Base: Qwen3-TTS-12Hz-1.7B-VoiceDesign (frozen during training, LoRA adapter merged into this repo)
Method: LoRA on the Talker's attention + MLP projections, plus a KL-divergence anchor against the frozen base model on neutral-prompt minibatches; final adapter merged back into the base weights
Training data: EARS (rich-style multi-speaker reads) + Expresso (expressive performances), with free-form natural-language captions
Output: 24 kHz mono wav via the Qwen3 12 Hz multi-codebook codec

This repo is self-contained — it ships the merged transformer weights, the audio codec (speech_tokenizer/), the tokenizer, and all configs. No other HF repo needs to be downloaded at inference time.

What this checkpoint targets

T6 prioritizes the failure mode that emerges when a voice-design adapter is pushed hard on stylistic prompts: the adapter starts to "color" everything, including prompts that should sound neutral. To prevent that, training added a small KL-divergence loss against the frozen base model on a 10% minibatch slice that uses neutral prompts (e.g., "a clear, neutral voice reading the sentence") — the adapter is free to specialize on stylistic prompts but is anchored back toward base behavior on plain ones.

This particular checkpoint is the listener-selected variant from the run. Earlier auto-metric-best snapshots from the same training trajectory have tighter ASR scores but feel flatter in delivery; this checkpoint has a small naturalness lift on the automatic MOS proxy and noticeably more committed emotional shape on persona / scene prompts. The trade-off is that automatic transcription on some prompts may run slightly less precise than the base — see Known limitations.

Quick start

Install the Qwen3-TTS inference package (it registers the custom Qwen3TTSForConditionalGeneration model class with transformers):

pip install qwen-tts transformers torch soundfile

Generate a clip:

from qwen_tts import Qwen3TTSModel
import soundfile as sf

wrap = Qwen3TTSModel.from_pretrained("macminix/qwen3_voice_design_t6")

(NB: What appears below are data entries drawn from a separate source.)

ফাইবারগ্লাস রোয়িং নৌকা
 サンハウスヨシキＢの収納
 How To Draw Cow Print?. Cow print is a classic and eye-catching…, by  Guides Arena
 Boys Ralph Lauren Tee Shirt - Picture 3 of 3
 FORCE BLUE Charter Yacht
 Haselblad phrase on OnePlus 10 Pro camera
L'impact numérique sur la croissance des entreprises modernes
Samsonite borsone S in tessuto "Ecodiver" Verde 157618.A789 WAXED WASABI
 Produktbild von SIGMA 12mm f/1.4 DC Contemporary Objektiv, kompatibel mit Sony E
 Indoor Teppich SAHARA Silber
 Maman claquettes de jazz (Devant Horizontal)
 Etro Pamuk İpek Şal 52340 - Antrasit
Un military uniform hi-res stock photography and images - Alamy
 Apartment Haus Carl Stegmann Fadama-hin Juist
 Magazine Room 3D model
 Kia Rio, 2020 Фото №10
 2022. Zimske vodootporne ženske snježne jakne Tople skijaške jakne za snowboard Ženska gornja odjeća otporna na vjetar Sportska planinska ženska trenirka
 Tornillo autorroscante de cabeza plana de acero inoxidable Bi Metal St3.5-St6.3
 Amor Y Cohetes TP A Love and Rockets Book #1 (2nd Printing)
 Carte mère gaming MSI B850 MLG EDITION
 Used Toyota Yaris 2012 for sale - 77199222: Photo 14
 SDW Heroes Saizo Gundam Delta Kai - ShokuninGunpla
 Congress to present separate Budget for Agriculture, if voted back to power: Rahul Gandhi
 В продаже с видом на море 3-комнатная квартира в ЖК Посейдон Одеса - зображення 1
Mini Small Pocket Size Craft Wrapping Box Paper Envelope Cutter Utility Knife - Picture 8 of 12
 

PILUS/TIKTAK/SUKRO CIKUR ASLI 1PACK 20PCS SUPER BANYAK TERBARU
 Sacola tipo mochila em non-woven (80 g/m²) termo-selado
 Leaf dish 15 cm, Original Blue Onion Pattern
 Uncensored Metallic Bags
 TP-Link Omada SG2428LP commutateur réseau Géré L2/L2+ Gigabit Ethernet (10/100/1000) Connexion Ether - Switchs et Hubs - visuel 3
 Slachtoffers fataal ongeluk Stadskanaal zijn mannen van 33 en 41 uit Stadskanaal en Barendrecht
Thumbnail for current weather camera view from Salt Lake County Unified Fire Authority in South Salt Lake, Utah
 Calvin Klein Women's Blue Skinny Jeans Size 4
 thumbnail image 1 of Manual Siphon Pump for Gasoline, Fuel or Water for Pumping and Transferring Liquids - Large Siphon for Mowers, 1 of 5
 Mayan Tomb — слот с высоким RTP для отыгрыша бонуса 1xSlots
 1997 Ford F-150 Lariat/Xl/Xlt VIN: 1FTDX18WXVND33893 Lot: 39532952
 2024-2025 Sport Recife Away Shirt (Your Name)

wavs, sr = wrap.generate_voice_design(
    text="Come and look at this, you are not going to believe it.",
    instruct="A male speaker delivers his happy speech at a moderate pace with standard energy.",
    language="english",
    temperature=0.9, top_k=50, top_p=1.0,
    repetition_penalty=1.05, max_new_tokens=600,
)
sf.write("out.wav", wavs[0], sr)

A ready-to-run version with three example prompts is provided at example_inference.py.

The `instruct` prompt format

The instruct field is free-form English describing the voice. The training distribution covers:

gender — "a male/female speaker", "a deep-voiced narrator"
pitch — "high/medium/low pitched", "deep", "thin and high"
speed — "slowly", "at a brisk pace", "at a moderate tempo"
affect / emotion — "happy", "angry", "sad", "whispered", "quiet", "projected"
scene / persona — "a bedtime storyteller", "a news anchor", "a meditation guide"

Example prompts:

A male speaker delivers his happy speech at a moderate pace with standard energy.
A female voice speaks softly with a sad tone, low energy, almost whispering.
An older male narrator reads a bedtime story slowly, with warmth.
A clear, neutral female voice reads the sentence.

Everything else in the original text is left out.